Cutler and leaders of another 30 Pennsylvania nonprofit “community development financial institutions” (CDFIs) that make loans too small for banks to profitably close are lobbying Congress members to maintain threatened funding for U.S. Treasury, Housing and Urban Development, Small Business Administration, and Office of Refugee Resettlement programs, which they have used to fund small businesses.

They hope business allies will prevail to keep business subsidies flowing, as Small Business Administration supporters have fought efforts to end politically popular SBA programs with some success, though Biden-era SBA initiatives have been canceled.

“We won’t really know until this fall” how much funding will be lost, Cutler concluded. She’s hoping Philadelphia city government will make up the shortfall as part of its neighborhood-business support initiatives.

Can the private sector fill the gap?

The crowd at Wednesday’s meeting included Aldustus “A.J.” Jordan, who left a senior job at national banking giant Wells Fargo’s foundation at the end of 2022 to become president of the Vanguard Group foundation and head of community stewardship for the Malvern-based investment company, the nation’s second-largest.

The foundation is “embarking on a new strategic philanthropic focus on financial well-being” to “improve the economic outlook for historically marginalized individuals and communities,” it said in a statement. They’re working “to strengthen the nonprofit financial ecosystem” in the Philadelphia area, where the company employs more than 10,000, and other “key Vanguard markets.”

Jordan didn’t speak at the WORC event, but his colleague Evan Cantiello, a Vanguard charitable program manager, told the crowd the company would be supporting WORC.

Cutler said Vanguard funds will pay for a sixfold expansion in WORC’s client savings account programs, which provide up to $2 in matching grants for every $1 clients save for education and homeownership.

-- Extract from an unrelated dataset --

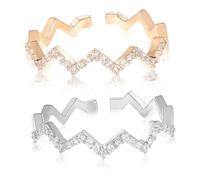 TOYANDONA Bagues Réglables Vagues Femme En Argenté Sterling 925, Anneaux Ouverts Légers, Lot 2 Pièces Doré Et Argenté Pour Usage Quotidien Et Anniversaire, Design Ondulé Taille Ajustable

The Vanguard aid should pay program costs and expand participation to around 215 savers a year, up from the current 35, though individual grants vary, Cutler said. That would restore the program to around the size it was in the mid-2000s, before state funding dried up. WORC kept it going at a lower level with smaller grants from United Way and other donors.

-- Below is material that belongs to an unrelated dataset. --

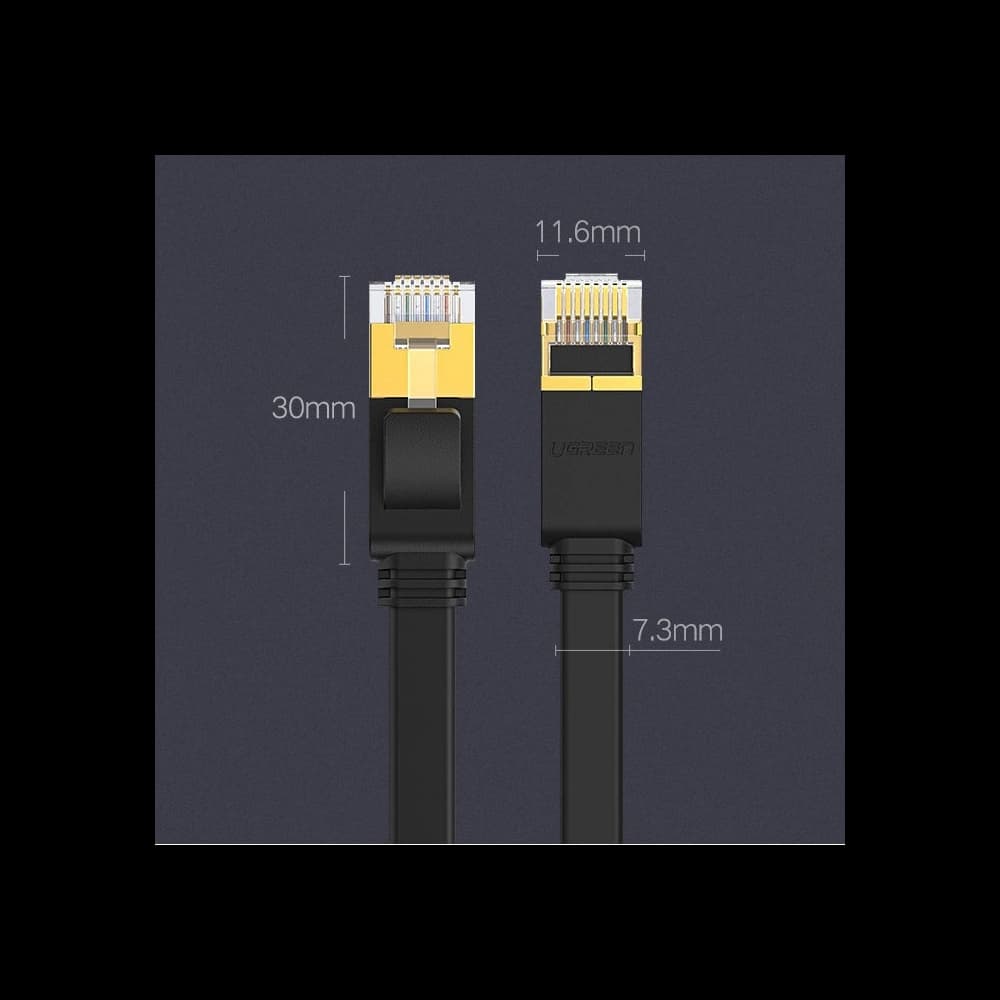 Flaches Netzwerkkabel UGREEN Ethernet RJ45 Cat.7 STP LAN 10Gbps 3m schwarz - 25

Cutler said she had met Cantiello and other Vanguard officials through the Asset Funders Network, a national group uniting big financial institutions and nonprofits that focus on helping start and grow small businesses. “They saw my passion,” she said.

“This is the first support we’ve provided to WORC” from the Vanguard foundation, spokesperson Katie Craven confirmed. Asked how much Vanguard, which invests over $10 trillion for retirees and other clients, expected to contribute to WORC, she referred to the company’s charitable foundation report.

That report shows Vanguard’s largest charitable gifts in recent years include $4.9 million for the Pennsylvania Partnerships for Children, which advocates for childcare; $4.6 million to Children’s Hospital of Philadelphia; $3.9 million to the Reinvestment Fund, a nonprofit lender and research group; $1.7 million to the Free Library of Philadelphia.

All are based in Philadelphia. The foundation’s largest contributions were typically spread over several years.